4.2 / 7.2 = 0.58, and in Example 2, 58% of the surface of the carrier was coated. FIG. 3 shows the current value every 10 times in order to make the change clear (circle mark).
As a result, no decrease in current value was observed over a long period of time, indicating that the immobilized body of the present invention can be stably used.

Comparative Example 2 (1) Experimental Method The carrier for immobilization, the measuring device and the like are the same as in Example 2. However, the time for contacting the mixture of pyruvate oxidase and bovine serum albumin with the formylated carrier at the time of producing the immobilized pyruvate oxidase was set to 0.5 hours. (2) Results Pyruvate oxidase and bovine serum albumin were left in contact with the formylated carrier for 0.5 hour, and the amount of residual total protein in the supernatant was quantified. Since the contact time was short, only 40% of the added protein was bound. However, 2.1 mg / g of enzyme and protein were bound per 1 g of the carrier.
This means that 30% of the surface of the carrier was covered.

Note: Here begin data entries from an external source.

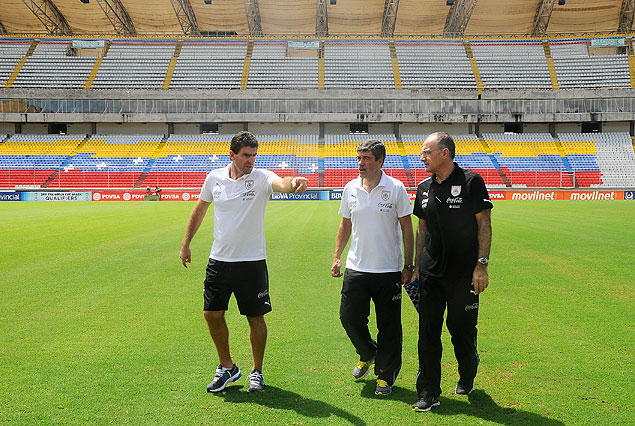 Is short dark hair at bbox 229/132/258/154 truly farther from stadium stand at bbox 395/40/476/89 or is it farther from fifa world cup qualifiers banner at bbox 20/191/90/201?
stadium stand at bbox 395/40/476/89

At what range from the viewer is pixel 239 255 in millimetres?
4453

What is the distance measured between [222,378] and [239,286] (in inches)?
31.5

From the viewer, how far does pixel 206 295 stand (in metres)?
4.53

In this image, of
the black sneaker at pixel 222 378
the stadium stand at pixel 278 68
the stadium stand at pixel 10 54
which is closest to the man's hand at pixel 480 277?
the black sneaker at pixel 222 378

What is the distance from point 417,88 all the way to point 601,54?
72.5 feet

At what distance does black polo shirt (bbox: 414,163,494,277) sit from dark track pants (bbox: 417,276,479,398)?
0.13 metres

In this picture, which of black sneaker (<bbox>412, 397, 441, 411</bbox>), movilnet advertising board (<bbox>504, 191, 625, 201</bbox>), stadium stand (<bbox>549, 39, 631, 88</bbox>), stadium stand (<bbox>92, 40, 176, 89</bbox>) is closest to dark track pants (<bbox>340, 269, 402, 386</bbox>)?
black sneaker (<bbox>412, 397, 441, 411</bbox>)

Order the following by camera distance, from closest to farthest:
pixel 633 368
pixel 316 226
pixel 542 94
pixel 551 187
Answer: pixel 633 368
pixel 316 226
pixel 551 187
pixel 542 94

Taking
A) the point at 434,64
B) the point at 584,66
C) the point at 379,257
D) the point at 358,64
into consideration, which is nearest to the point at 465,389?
the point at 379,257

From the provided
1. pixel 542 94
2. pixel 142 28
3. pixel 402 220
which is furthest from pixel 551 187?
pixel 142 28

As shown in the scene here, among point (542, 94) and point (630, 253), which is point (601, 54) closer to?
point (542, 94)

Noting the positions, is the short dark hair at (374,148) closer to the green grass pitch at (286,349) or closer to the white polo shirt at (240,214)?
the white polo shirt at (240,214)

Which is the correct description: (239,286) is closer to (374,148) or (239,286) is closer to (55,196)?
(374,148)

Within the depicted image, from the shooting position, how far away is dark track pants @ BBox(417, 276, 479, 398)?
4098 mm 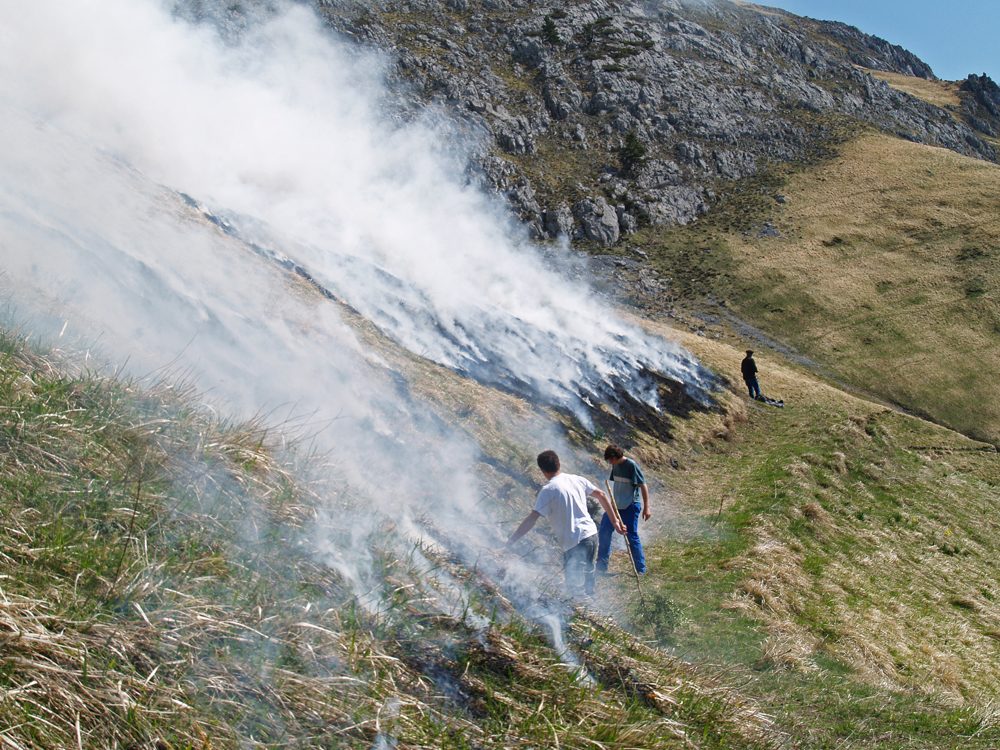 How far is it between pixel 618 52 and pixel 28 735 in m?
81.5

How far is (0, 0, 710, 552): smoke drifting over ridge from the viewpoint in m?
5.95

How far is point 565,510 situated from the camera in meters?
4.85

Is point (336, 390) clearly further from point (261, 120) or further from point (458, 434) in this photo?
point (261, 120)

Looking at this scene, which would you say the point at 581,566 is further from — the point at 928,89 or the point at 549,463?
the point at 928,89

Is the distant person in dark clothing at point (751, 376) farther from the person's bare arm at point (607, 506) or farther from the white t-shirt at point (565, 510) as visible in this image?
the white t-shirt at point (565, 510)

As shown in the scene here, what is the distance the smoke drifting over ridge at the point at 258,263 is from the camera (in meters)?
5.95

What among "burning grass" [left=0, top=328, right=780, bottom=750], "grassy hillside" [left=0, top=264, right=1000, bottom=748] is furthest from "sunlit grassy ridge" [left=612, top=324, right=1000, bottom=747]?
"burning grass" [left=0, top=328, right=780, bottom=750]

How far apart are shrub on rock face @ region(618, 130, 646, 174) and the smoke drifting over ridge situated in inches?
1454

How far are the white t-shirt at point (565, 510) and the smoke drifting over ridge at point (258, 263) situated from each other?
1.41 m

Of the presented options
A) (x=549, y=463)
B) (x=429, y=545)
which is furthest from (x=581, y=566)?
(x=429, y=545)

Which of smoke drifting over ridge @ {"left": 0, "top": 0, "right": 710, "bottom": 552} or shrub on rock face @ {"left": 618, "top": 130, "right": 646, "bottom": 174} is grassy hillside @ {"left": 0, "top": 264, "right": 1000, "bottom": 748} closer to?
smoke drifting over ridge @ {"left": 0, "top": 0, "right": 710, "bottom": 552}

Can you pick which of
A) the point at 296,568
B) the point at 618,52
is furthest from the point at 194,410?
the point at 618,52

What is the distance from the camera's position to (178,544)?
3.19m

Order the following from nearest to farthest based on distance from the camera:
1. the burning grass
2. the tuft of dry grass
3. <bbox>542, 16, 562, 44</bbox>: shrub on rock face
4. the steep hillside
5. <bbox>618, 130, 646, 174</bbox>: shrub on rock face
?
the burning grass
the steep hillside
<bbox>618, 130, 646, 174</bbox>: shrub on rock face
<bbox>542, 16, 562, 44</bbox>: shrub on rock face
the tuft of dry grass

The results are shown in FIG. 3 for comparison with Example 2 (marked with Δ). The initial sensitivity was naturally low because the amount of binding was small, but a decrease in current value was observed by further performing 300 times of injection, and finally a sensitivity decrease of about 50% occurred. It is clear from comparison with Example 2 that there is a significant difference in stability depending on the coverage of the carrier surface.

[0049]

INDUSTRIAL APPLICABILITY According to the present invention, a stable pyruvate oxidase-immobilized product can be obtained, and an apparatus for stably and easily quantifying the concentration of pyruvate can be constructed.

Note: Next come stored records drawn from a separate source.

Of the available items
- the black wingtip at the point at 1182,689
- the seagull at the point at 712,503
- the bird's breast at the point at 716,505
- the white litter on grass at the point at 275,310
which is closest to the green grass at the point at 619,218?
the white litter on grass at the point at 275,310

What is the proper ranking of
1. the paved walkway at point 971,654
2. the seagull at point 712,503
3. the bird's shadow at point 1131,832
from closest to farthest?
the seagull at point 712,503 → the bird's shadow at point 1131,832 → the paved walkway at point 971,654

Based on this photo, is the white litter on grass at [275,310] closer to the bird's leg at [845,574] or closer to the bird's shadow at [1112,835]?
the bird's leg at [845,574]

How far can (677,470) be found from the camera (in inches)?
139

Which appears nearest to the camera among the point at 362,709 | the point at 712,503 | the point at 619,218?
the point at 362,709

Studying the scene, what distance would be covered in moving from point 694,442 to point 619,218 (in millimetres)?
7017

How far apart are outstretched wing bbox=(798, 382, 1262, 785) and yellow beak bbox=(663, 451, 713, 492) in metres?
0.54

[Brief description of drawings]

FIG. 1 is an example of a measuring device using the immobilized pyruvate oxidase of the present invention used in Examples.

FIG. 2 shows the results of Example 1 (◯ mark) and Comparative Example 1 (Δ mark). The horizontal axis represents the number of injections, and the vertical axis represents 10.
It is an output current value (μA) when 5 μl of a mM lithium pyruvate solution is injected.

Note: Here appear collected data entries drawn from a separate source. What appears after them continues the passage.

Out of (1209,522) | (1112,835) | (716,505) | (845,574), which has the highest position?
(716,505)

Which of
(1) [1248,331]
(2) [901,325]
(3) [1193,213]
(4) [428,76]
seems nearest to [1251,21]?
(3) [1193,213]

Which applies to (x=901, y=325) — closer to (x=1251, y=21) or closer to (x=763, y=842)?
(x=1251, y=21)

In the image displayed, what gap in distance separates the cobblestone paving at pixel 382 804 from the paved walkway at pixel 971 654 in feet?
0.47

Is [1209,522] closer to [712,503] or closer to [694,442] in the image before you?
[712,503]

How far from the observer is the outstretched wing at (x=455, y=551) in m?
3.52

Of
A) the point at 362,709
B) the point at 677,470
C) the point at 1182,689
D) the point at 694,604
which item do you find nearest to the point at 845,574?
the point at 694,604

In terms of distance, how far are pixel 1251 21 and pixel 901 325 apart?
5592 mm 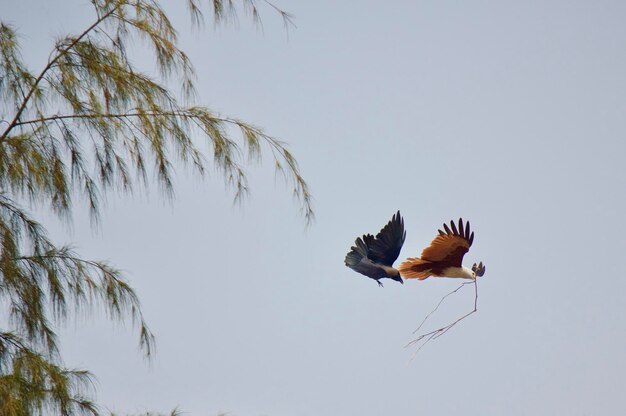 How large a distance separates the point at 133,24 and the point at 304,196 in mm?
1008

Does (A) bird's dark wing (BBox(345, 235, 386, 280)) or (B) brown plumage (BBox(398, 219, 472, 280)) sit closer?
(B) brown plumage (BBox(398, 219, 472, 280))

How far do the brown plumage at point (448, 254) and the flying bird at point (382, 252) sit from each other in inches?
6.3

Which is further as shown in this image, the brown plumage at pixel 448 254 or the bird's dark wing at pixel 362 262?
the bird's dark wing at pixel 362 262

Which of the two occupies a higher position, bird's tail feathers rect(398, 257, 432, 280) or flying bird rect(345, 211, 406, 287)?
flying bird rect(345, 211, 406, 287)

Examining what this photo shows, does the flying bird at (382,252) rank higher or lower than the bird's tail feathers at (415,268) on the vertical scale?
higher

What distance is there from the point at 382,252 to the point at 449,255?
36 centimetres

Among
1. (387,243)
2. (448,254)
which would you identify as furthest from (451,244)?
(387,243)

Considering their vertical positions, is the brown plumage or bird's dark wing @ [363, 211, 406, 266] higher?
bird's dark wing @ [363, 211, 406, 266]

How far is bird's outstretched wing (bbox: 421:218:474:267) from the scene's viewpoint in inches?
154

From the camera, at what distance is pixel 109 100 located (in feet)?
12.6

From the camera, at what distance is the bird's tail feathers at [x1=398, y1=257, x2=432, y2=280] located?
159 inches

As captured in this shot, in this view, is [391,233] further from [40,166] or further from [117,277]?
[40,166]

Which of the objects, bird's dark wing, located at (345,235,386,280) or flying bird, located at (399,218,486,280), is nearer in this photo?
flying bird, located at (399,218,486,280)

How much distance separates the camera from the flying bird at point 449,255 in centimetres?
392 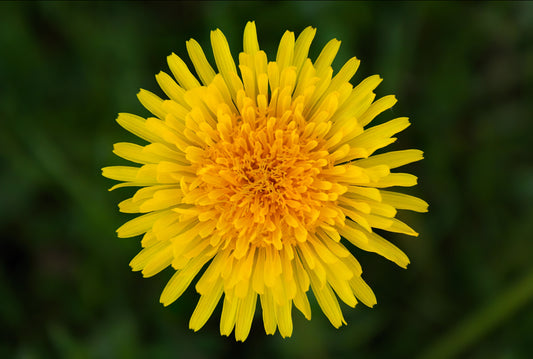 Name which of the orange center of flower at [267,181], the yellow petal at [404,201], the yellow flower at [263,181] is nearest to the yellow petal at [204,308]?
the yellow flower at [263,181]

FIG. 3 shows the results of Example 2 (marked with ◯) and Comparative Example 2 (marked with Δ). The horizontal axis represents the number of injections, and the vertical axis represents 10.
It is an output current value (μA) when 5 μl of a mM lithium pyruvate solution is injected.

[Explanation of symbols]

1 buffer reservoir 2 Liquid feed pump 3 Autosampler 4 constant temperature bath 5 Pyruvate oxidase-immobilized column 6 Hydrogen peroxide electrode 7 Silver / silver chloride electrode 8 measuring cells 9 Fluororesin tube 10 Fluororesin tube 11 Potentiostat 12 A / D converter 13 Microcomputer 14 Printer 15 Waste liquid reservoir

─────────────────────────────────────────────────── ─── Continuation of the front page (51) Int.Cl. ⁵ Identification number Reference number within the agency FI Technical indication location G01N 27/26 7235-2J (72) Inventor Ryuzo Hayashi 4-3-1, Jokoji, Amagasaki City, Hyogo Prefecture Kanzaki Paper Co., Ltd. Kanzaki Mill

Claims (3)

[Claims] 1. An enzyme-immobilized body in which pyruvate oxidase and other proteins are chemically immobilized on a carrier, and 50% or more of the carrier surface is covered with pyruvate oxidase and other proteins. Immobilized enzyme. 2. The carrier is aminosilanized, then formylated with a polyfunctional aldehyde, and further coated with pyruvate oxidase and other proteins.
The immobilized enzyme described. 3. A mechanism for bringing a sample in a buffer into contact with the enzyme-immobilized body according to claim 1 or 2 and a reaction between pyruvic acid or a salt thereof in the sample and the enzyme-immobilized body is electrochemically performed. A pyruvic acid measuring device having a detecting mechanism.